WORK TO COMPLETE: With pictures left out, output exactly the lines of the listing below from the line that has "A Victorian style" to the line that has "Small 9-10 mm", both lines kept.

===== DATA FOR THIS TASK

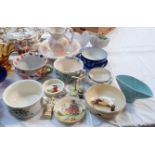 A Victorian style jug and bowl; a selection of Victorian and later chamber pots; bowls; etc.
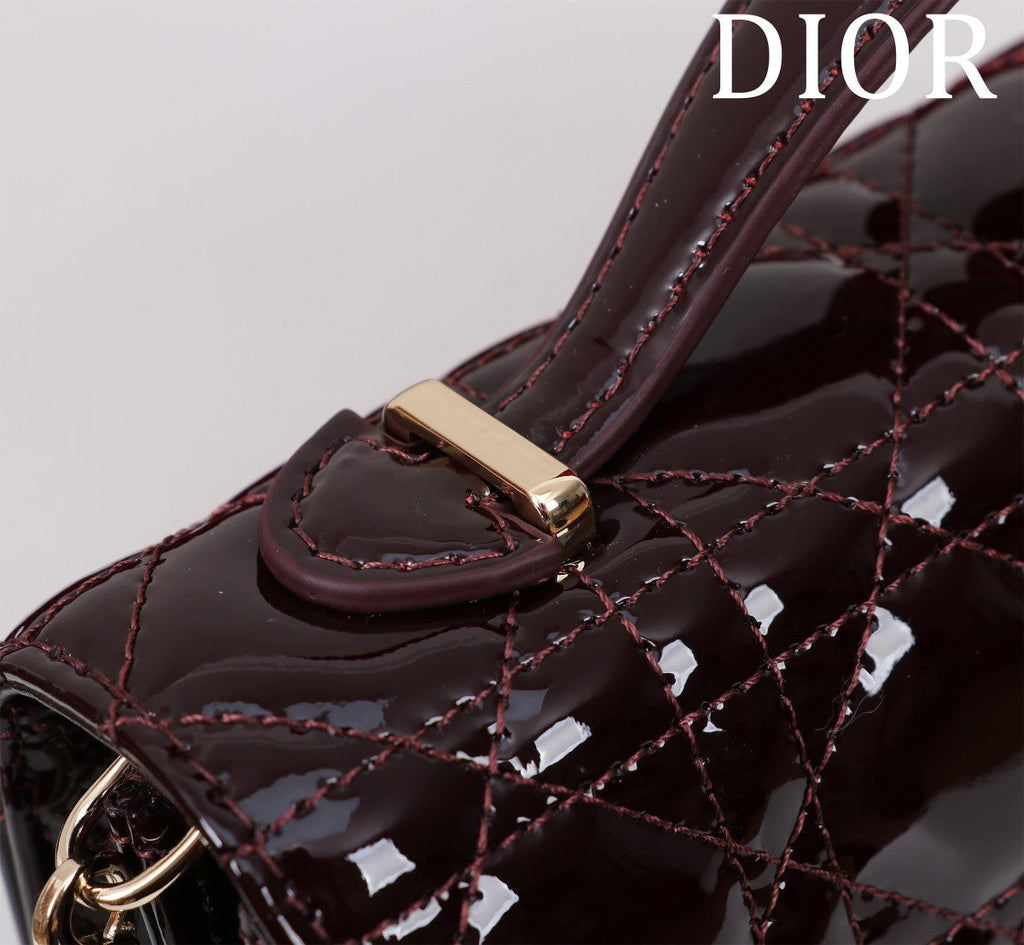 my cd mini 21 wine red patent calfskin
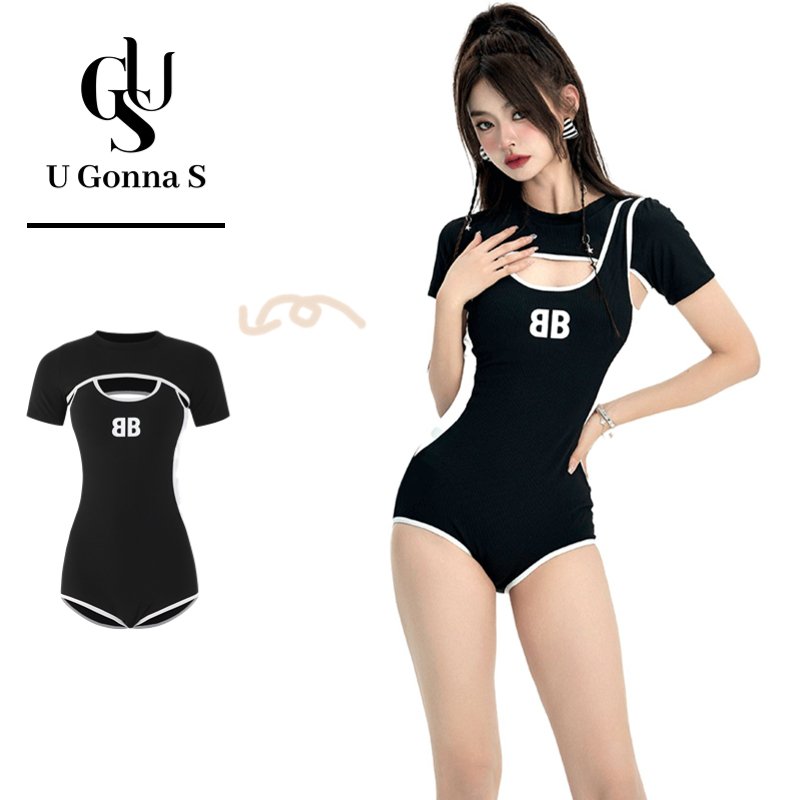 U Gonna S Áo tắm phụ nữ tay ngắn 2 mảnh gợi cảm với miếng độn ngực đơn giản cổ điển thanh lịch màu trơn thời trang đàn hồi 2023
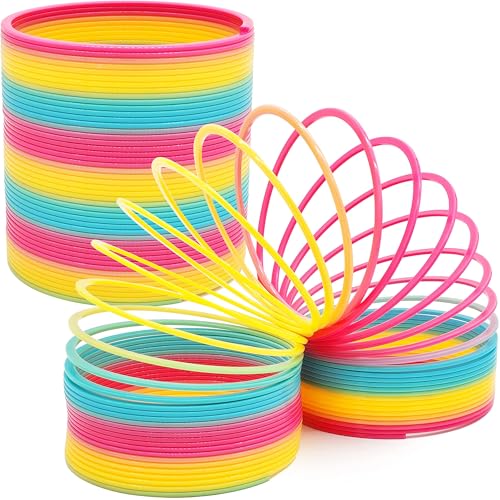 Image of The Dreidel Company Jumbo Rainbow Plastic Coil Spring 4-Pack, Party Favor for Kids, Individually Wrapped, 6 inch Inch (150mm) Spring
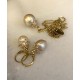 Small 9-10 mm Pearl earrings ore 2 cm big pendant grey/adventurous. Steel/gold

==========
===== DATA FOR THIS TASK

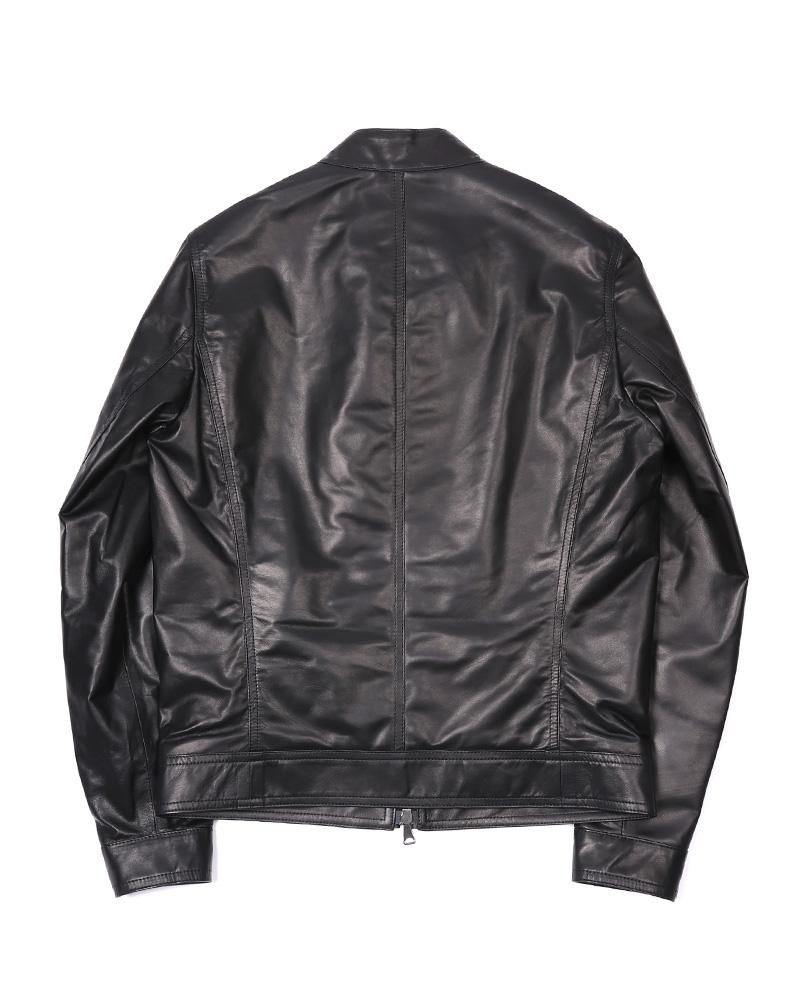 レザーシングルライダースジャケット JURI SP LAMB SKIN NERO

==========
===== DATA FOR THIS TASK

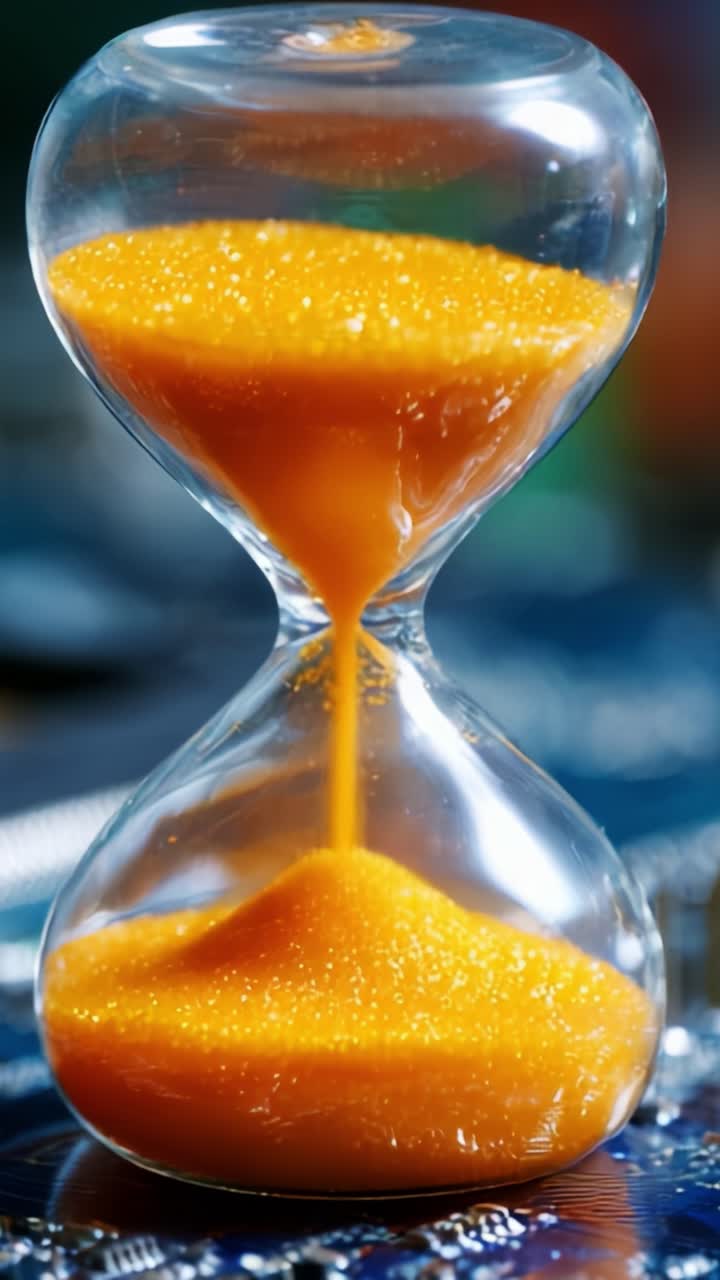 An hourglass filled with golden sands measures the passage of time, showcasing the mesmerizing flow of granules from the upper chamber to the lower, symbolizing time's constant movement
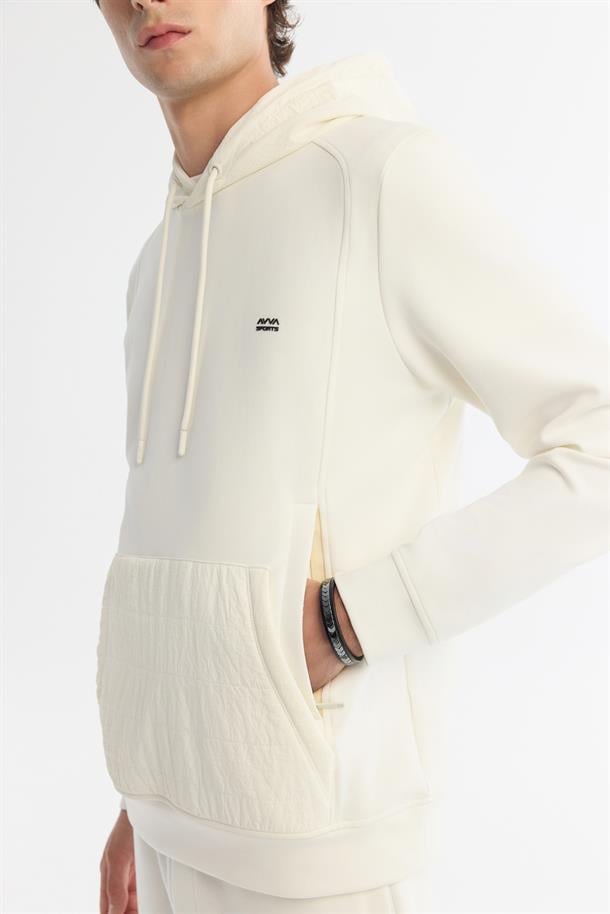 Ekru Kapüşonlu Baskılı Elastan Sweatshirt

==========

OUTPUT OF THE EXERCISE:
 A Victorian style jug and bowl; a selection of Victorian and later chamber pots; bowls; etc.
 my cd mini 21 wine red patent calfskin
 U Gonna S Áo tắm phụ nữ tay ngắn 2 mảnh gợi cảm với miếng độn ngực đơn giản cổ điển thanh lịch màu trơn thời trang đàn hồi 2023
 Image of The Dreidel Company Jumbo Rainbow Plastic Coil Spring 4-Pack, Party Favor for Kids, Individually Wrapped, 6 inch Inch (150mm) Spring
 Small 9-10 mm Pearl earrings ore 2 cm big pendant grey/adventurous. Steel/gold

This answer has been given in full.